Urban Legend? It is said that a fishing (Type) boat sank off the coast, near the entrance to the straits with all hands. The boat was carrying a chemical substance that slowly realeases gas that causes the boat to rise to the surface every now and then. The currants cause the boat to appear in different places. I have talked to two different Native American fishermen who claim to have seen it and the Coast Guard says they have never even heard of it. Fun story tho.

Bill W
 

Whitewings,

You might already know this, but just below Cape Flattery, at Cape Alava, is site of a Makah village called Ozette, which was buried by a sudden and deep mudslide sometime before, or around, the end of the 16th century. More houses were built on the site later, but when they excavated some of the houses in the 1980s, the found more than a hundred pieces of metal and a single European trade bead down in the original level. When the National Geographic ran an article about the excavations, they conveniently forgot to mention these finds, presenting the site as a pristine Native village with no white contact. A little south of the village are some rocks containing pictographs. One is of an old sailing ship, but it is impossible to date or identify it. I first visited the site about 1991 and have been back a couple of times. It is a bit of a hike to get down to Ozette, but there is a wooden boardwalk, and well worth the effort, because it is one of the most peaceful and serene places I have ever visited. I suggested at the time that the trade bead and some of the metals may have come from Drake, but it could have also been from another early European ship that somehow ended up there and perhaps wrecked.

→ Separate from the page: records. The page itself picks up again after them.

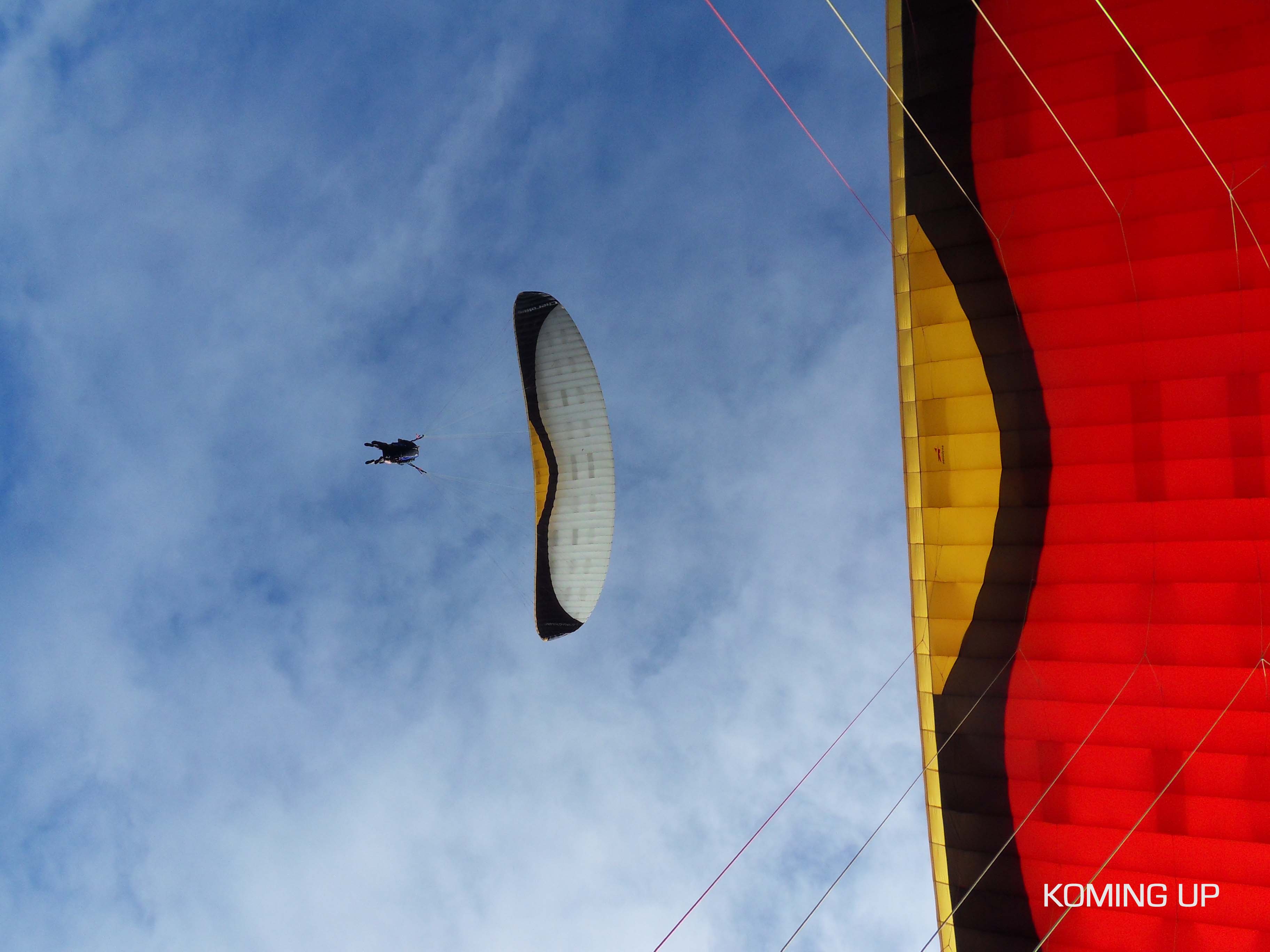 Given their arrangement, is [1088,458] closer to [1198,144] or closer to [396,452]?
[1198,144]

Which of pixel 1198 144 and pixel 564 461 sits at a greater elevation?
pixel 1198 144

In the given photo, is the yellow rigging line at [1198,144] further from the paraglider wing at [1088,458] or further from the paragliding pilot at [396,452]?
the paragliding pilot at [396,452]

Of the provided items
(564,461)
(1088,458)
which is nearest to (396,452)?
(564,461)

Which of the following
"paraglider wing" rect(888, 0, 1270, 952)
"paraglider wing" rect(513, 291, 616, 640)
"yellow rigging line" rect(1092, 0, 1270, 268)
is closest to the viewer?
"yellow rigging line" rect(1092, 0, 1270, 268)

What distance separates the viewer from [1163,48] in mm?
8047

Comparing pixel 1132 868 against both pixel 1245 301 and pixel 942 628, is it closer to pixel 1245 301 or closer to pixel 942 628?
pixel 942 628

As for the story of the ship that keeps resurfacing, I suppose that stranger things have happened, but are you sure the fishermen were not spinning you a good yarn?

Mariner

Incidentally, I have been looking at a map that was published in 1742, three decades before Juan Perez and Cook reached the NW coast, and it shows Cape Flattery, the Juan de Fuca Strait, the west coast of Vancouver Island and Queen Charlotte Sound with such accuracy that it must have been drawn from first hand knowledge. I will dig out the comparison I made between this map and the actual coastline and post it on the forum.
 

Whitewings,

My first post here. I am third generation in the Tacoma area and have heard many stories over the years. My Mother told me a story of her Grandfather seeing an "Alaska Gold Rush" ship go down "off an island somewhere off the coast". Well... with those specific directions, I have rushed right to the spot. None the less, I have always thought of all of the possibilities off the coast. The Japaneses Current has been depositing floats on Copalis Beach forever. I have 3 that I found when I was in High School. Why not undocumented wrecks from China or Japan that drifted around the Gulf of Alaska and were dumped in our waters off the coast?

I used to work for the Navy doing ordinance Recovery off of Quinalt with ROVs. We found a modern fishing vessel sitting upright in about 150 feet of water. I have the coordinates written down somewhere. Maybe it's your Mystery Boat? Kind of far South for that.

Urban legends are almost always based in some fact. Just have to sort the fact from fiction. That's the fun part.